DJI-NEW YORK, Nov 8 (Reuters) - Wall Street retreated from a two-year high on Monday, weighed down by financial stocks and a stronger dollar.

The broad S&P 500 has risen five straight weeks, supported by the Federal Reserve's plan to buy $600 billion of Treasuries to lower interest rates and reinvigorate a sluggish economy.

With those gains, traders said most S&P sectors were susceptible to a decline. Financial stocks <.GSPF>, the top gainers in recent sessions, fell 0.8 percent following a 6.9 percent weekly advance.

The Dow Jones industrial average <.DJI> was down 37.24 points, or 0.33 percent, at 11,406.84. The Standard & Poor's 500 Index <.SPX> was down 2.60 points, or 0.21 percent, at 1,223.25. The Nasdaq Composite Index <.IXIC> was up 1.07 points, or 0.04 percent, at 2,580.05.

NYMEX-NEW YORK, Nov 8 (Reuters) - U.S. crude oil futures ended at a fresh two-year high on Monday, gaining for the sixth consecutive session, as the upside momentum that lifted oil prices more than 6 percent last week continued, analysts said.

Gains were limited, however, as the dollar rose against a basket of currencies. <.DXY>, they added.

On the New York Mercantile Exchange, crude for December delivery settled up 21cents, or 0.24 percent, at $87.06 a barrel, the highest since front-month crude closed at $88.95 on Oct. 8, 2008.

CBOT-CHICAGO, Nov 8 (Reuters) - Chicago Board of Trade grain and soy complex close on Monday.

CBOT-SOYBEANS - November down 9 cents per bushel at $12.64-1/2per bushel; January down 9-1/4 at $12.74-3/4.

Pressured by firm dollar and long liquidation ahead of USDA's November crop reports on Tuesday. Market technically overbought and due a downward correction but continued strong demand from China underpins values.

CBOT-SOYOIL - December down 0.21 cent per lb at 52.01 cents per lb. Following soybeans lower. But market underpinned by soaring global vegoils markets including Dalian soyoil and Malaysian palm.
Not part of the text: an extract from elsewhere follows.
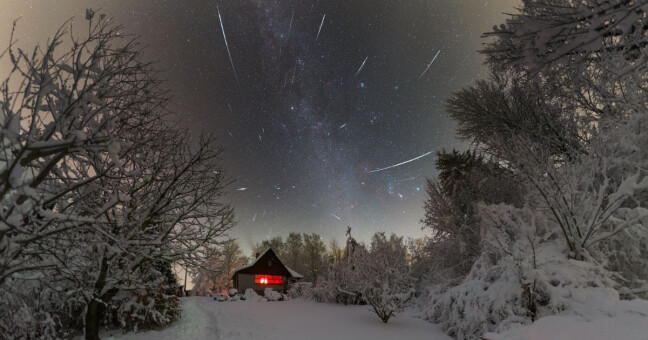Meteorický roj Geminid v roce 2018 nad Sečskou přehradou. Foto: Petr Horálek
FCPO-KUALA LUMPUR, Nov 8 (Reuters) - Malaysian crude palm oil futures jumped more than 4 percent in early trade on Monday, driven by supply worries stoked by floods in some palm growing states in the country and rising soyoil prices in China.

January 2011 palm futures on the Bursa Malaysia Derivatives Exchange were up 2.6 percent at 3,273 ringgit ($1,060) a tonne, after having risen as high as 3,348 ringgit -- a level unseen since July 18, 2008.

Top analyst from Godrej International, Dorab Mistry, on Sunday said Malaysian crude palm oil futures may hit 3,300 ringgit per tonne in the next few weeks as weather concerns plague global oilseed output.

REGIONAL EQUITIES-BANGKOK, Nov 8 (Reuters) - Most Southeast Asian stock markets gained ground on Monday, buoyed by commodities shares on optimism about the outlook for oil prices and for global demand.

Strong buying interest bolstered the laggard Singapore stock market, pushing the benchmark Straits Times Index (STI) <.FTSTI> to a 34-month high before it closed nearly 2 percent higher.

Singapore shares have risen 13.9 percent this year, a far cry from over 40 percent gains by its smaller peers Indonesia <.JKSE>, Thailand <.SETI> and the Philippines <.PSI>.

Malaysia <.KLSE> rose 0.5 percent to its highest in 34 months while Vietnam <.VNI> inched down 0.03 percent, after climbing earlier to its highest in nearly three weeks.